Le Regard de la semaine est signé Ferdaws Choukchou.
Dernièrement, j’ai reçu la photo d'une carte que j’avais envoyée, il y a bien longtemps, à ma cousine qui vivait au pays de l’Oncle Sam. Cette image a eu sur moi l’effet d’une madeleine de Proust. En un instant, elle m’a replongée dans les années 90, à cette époque où le courrier et les cartes postales avaient encore ce charme que le temps n’a pas réussi à effacer. Une époque où l’on guettait le facteur avec impatience, bien différente des notifications qui s’affichent aujourd’hui sur nos téléphones.
Je me suis alors souvenue de l’émotion que je ressentais lorsque je recevais ses cartes, reconnaissables entre toutes grâce à leur bandeau bleu et rouge. Elles avaient traversé l’Atlantique pour arriver jusqu’à moi, et ce simple voyage leur donnait déjà une valeur particulière. Elles semblaient porter en elles un peu de distance, un peu de mystère, et beaucoup d’affection. À mon tour, je lui écrivais des lettres que je parfumais parfois, comme pour y glisser un peu plus de moi-même. Je lui racontais mon quotidien, l’école, les petits changements à la maison, l’achat d’une nouvelle bibliothèque… Des détails qui pouvaient sembler anodins, mais qui, finalement, racontaient la vie telle qu’elle était.

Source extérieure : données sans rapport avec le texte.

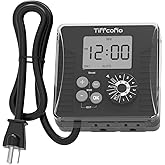 TiFFCOFiO New Digital Outdoor Timer Waterproof, Dial Programmable Method, Outdoor Light Timer with 2FT Extension Cord, 2 Grounded Electrical Outlets for Lights, 6 Sets of Programs, 15A/1875W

En revoyant cette carte, une question toute simple m’est venue : pourquoi avons-nous abandonné cette belle habitude ? En 2026, tout va plus vite. Les messages partent en quelques secondes, les photos s’échangent instantanément, les nouvelles circulent sans attendre. C’est pratique, bien sûr. C’est même devenu indispensable. Mais cela n’a pas la même saveur. Un message numérique apparaît, se lit, puis se noie presque aussitôt dans le flux continu des conversations. Une carte, elle, résiste au temps. On la tient entre ses mains, on la relit, on la glisse dans un tiroir, une boîte, entre les pages d’un livre. Elle reste. Elle devient un objet de mémoire, un petit trésor silencieux du quotidien.
Ce que j’aime dans une carte, c’est la sincérité qu’elle contient. Elle demande du temps, une intention, une attention particulière. On ne l’écrit pas à la va-vite. On choisit ses mots. On pense à l’autre. Et cela change tout. Les phrases y paraissent plus vraies, plus profondes, comme si le temps pris pour écrire donnait davantage de poids aux sentiments.
À Noël, d’ailleurs, je reçois chaque année une carte de ma sœur. Et, pour être honnête, elle me touche souvent plus que le cadeau lui-même. Il y a toujours quelques mots tendres, une pointe d’humour, une phrase qui fait sourire et qui reste. Ce sont de petites choses, presque rien en apparence, mais ce sont souvent elles qui laissent les plus grandes traces.
Alors, si nous reprenions cette habitude ? Écrire une carte, penser à quelqu’un, prendre quelques minutes pour coucher des mots sur le papier, puis la glisser dans une enveloppe. Le geste peut sembler simple et, pourtant, il a aujourd’hui quelque chose de rare, donc de précieux. Dans un monde où tout s’accélère, recevoir une carte, c’est recevoir un peu de temps, un peu d’attention, un peu d’amour. Et cela, finalement, n’a rien perdu de sa magie.
CV express
A 16 ans, j’ai intégré l’université en pensant suivre les traces de mon père en chimie, mais ce n’était pas ma voie. Après un passage par le génie civil puis des études en kinésithérapie, j’ai vécu une belle parenthèse consacrée à la maternité avec mes jumelles et mon petit garçon, nés à dix-sept mois d’écart. En 2017, avec mon conjoint, nous avons créé Medicalife à Poitiers, une entreprise spécialisée dans le matériel médical et orthopédique.
J’aime : les samedis soir avec mon mari et mes enfants, à rire devant la série Malcolm en dégustant nos pizzas maison, la Méditerranée et ses couchers de soleil, voyager pour découvrir de nouvelles cultures, créer des projets qui ont du sens et partager des moments simples avec ceux que j’aime.
J’aime pas : les turbulences en avion, le sucré-salé et les sports de combat.